Briefs from Svalbardposten for the week of Dec. 5, 2017

turbine

Turbine at power plant shut down due to possible damage

One of the two turbines at Longyearbyen’s power plant has been disabled due to measurements that indicate it may have sustained damage, according to Marianne Hegle, the city’s energy director. She said a specialist from Germany is scheduled to examine the turbine this week, at which point it will be known how long it will be out of service. She said the shutdown should not pose a problem for the city’s power supply. “I’m not worried about it,” she said. “The turbine that is out of order is the one that does not produce central heating. It uses less diesel than if it were the other.” She said the outage also shouldn’t affect what customers are charged for the plant’s diesel usage.

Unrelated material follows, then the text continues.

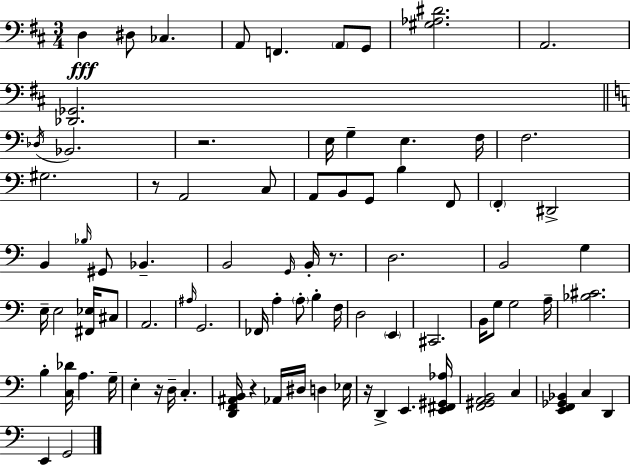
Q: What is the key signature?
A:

Bankrupt telcom company wins tax shelter case against government
A company launched in 2006 with an office in Lompensenteret that sold services by telephone and online has prevailed in a case against the Norwegian Tax Administration, which in 2012 claimed the company was ineligible for Svalbard’s lower tax rate and owned a total of 36 million kroner in back taxes. The tax authority claimed Teleworld’s operations weren’t properly headquartered in Longyearbyen and thus the high tax rate on the mainland applied. The company, after going bankrupt, prevailed in a trial in Oslo in 2015, with the tax authority ordered to pay 318,550 kroner in court costs to the company. An appeals court ruling last week upheld the ruling, awarding the company 250,000 kroner in court costs. It is not known if the tax authority will appeal the case to Norway’s supreme court.